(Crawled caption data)
"""
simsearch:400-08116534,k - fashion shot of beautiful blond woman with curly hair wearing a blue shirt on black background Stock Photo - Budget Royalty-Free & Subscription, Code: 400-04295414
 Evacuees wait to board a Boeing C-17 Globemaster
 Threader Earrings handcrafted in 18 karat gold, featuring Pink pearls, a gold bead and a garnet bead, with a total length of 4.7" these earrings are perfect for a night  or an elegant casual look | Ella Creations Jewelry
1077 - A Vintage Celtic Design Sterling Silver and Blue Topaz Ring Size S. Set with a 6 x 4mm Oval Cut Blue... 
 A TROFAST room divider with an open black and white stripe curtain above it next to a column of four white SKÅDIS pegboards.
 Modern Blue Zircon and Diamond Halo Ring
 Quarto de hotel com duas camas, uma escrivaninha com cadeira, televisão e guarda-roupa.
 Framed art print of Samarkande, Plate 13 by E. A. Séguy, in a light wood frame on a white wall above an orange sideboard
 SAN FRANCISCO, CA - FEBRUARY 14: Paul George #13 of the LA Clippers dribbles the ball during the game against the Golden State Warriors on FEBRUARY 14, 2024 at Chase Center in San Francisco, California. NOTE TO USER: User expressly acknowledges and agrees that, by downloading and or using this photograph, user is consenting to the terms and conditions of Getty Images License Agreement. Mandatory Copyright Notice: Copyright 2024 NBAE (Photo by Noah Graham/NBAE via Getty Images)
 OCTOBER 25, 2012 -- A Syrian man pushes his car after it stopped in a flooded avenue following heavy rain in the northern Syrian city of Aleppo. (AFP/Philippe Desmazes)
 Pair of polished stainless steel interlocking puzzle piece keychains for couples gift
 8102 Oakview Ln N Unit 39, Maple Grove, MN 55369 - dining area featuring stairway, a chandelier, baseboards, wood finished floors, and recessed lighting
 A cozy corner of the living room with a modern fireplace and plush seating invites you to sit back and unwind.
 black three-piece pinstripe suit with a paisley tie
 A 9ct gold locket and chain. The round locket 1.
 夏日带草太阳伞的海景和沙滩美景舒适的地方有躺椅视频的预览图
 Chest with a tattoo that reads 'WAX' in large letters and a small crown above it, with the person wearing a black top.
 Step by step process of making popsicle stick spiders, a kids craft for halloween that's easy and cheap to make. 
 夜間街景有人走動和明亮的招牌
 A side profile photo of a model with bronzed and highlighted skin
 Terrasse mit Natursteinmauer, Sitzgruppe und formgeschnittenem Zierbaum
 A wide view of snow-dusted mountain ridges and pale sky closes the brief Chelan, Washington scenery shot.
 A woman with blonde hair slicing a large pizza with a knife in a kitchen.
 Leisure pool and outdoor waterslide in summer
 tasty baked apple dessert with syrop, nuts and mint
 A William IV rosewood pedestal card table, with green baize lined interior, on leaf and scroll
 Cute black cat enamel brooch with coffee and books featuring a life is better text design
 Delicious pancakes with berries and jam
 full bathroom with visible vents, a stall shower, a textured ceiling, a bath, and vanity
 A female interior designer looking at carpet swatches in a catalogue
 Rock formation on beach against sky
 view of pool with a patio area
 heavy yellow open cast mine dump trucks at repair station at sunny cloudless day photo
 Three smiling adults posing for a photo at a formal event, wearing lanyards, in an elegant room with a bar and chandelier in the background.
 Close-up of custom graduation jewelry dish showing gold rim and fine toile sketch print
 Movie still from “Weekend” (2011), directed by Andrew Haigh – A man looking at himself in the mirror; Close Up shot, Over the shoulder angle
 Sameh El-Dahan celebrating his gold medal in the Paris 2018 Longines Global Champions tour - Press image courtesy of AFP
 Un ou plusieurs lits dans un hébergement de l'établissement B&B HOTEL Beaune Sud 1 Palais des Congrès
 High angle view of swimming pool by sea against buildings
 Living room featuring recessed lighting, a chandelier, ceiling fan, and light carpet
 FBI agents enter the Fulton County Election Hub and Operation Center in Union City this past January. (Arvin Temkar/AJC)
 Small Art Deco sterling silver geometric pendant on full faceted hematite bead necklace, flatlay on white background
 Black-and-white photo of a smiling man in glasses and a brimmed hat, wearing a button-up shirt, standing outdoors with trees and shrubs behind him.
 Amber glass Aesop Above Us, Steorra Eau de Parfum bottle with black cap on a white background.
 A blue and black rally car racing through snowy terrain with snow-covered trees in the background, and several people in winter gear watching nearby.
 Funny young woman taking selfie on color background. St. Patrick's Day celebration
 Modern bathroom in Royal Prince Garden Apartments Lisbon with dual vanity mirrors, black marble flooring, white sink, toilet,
"""
▸ **Work instructions**
Once you reach the line with "1077 - A Vintage" in the data above, copy it and every line after it exactly, up to and including the line with "Framed art print".

▸ **Response**
1077 - A Vintage Celtic Design Sterling Silver and Blue Topaz Ring Size S. Set with a 6 x 4mm Oval Cut Blue... 
 A TROFAST room divider with an open black and white stripe curtain above it next to a column of four white SKÅDIS pegboards.
 Modern Blue Zircon and Diamond Halo Ring
 Quarto de hotel com duas camas, uma escrivaninha com cadeira, televisão e guarda-roupa.
 Framed art print of Samarkande, Plate 13 by E. A. Séguy, in a light wood frame on a white wall above an orange sideboard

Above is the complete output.